Are Irish youth turning their backs on Europe? I've just read the Eurobarometer survey on Irish voting behaviour during the recent, second Lisbon Referendum (an update of a similar survey at the time of the first referendum). Two things struck me: the No vote was highest among 18-25s than any other age groups in both referenda; and opposition to Ireland's membership of the European Union increased in the same age group even as the percentage voting No fell.
Of course we could dismiss this as 'youth sounding off' behaviour, and blithely assume they'll 'grow out of it'. I'm not so sure. Firstly, as the chart shows, opposition to Ireland's membership of the EU increased in all age groups between the two referenda. Of course it's still a minority opinion (and not one that I share). But it isn't too difficult in these turbulent times to imagine one, two or more developments that might lead to a surge in opposition.
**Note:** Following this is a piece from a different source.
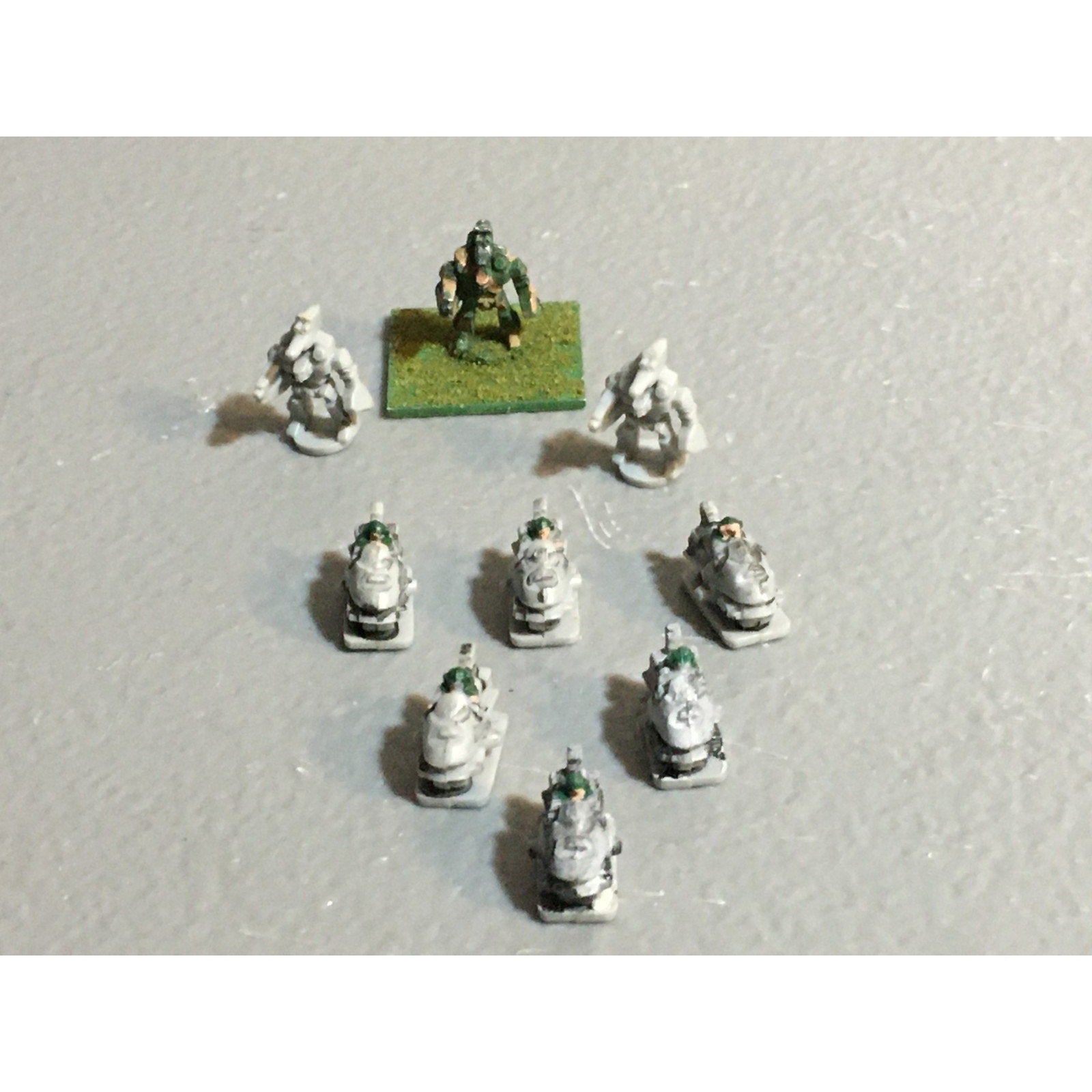 A24573 EPIC 40K IMPERIAL GUARD ROBOT 3 PC + BIKES 6 PC WARHAMMER GAMES WORKSHOP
Take the announcement by our newly unelected EU President Herman Van Rompuy that he supports the idea of a 'euro tax' to fun the Commission's expanding operations in Brussels. Try selling that to the mass unemployed youth of Europe (now experiencing an average 20% unemployment rate). And try selling it to Ireland's depressed taxpayers (they'd demand their Yes votes back). Still, at least we didn't get Tony Blair as president; I wouldn't be too keen on sending Irish soldiers off with their EU counterparts to invade countries containing imaginary weapons of mass destruction.
Nevertheless, Van Rompuy's appointment sends a powerful signal that Europe has gone as far as it's going to go. The leaders of the main member states want to keep the balance of power between member nations and the European Union more or less as it is. To my mind this suggests that a period of circling stagnation lies ahead for Europe, a situtation hardly likely to assuage the concerns of Irish youth, and more likely to exacerbate them.
Which is a pity. Europe faces a triple economic, demographic and democratic challenge in the years and decades ahead. The Van Rompuys of this world lack the political will to secure real changes that will benefit Europeans (e.g.: scrapping CAP, delivering a real Single Market); and they lack the imagination to inspire us with a vision of Europe's place in the emerging future (beyond the now moribund climate change agenda). Helping Africa join a world of free market democracies would be one such vision in my book.
Ireland's youth will likely carry their less than enthusiastic feelings about Europe into middle-age and beyond. The job of any future referenda organisers is going to get a whole lot harder.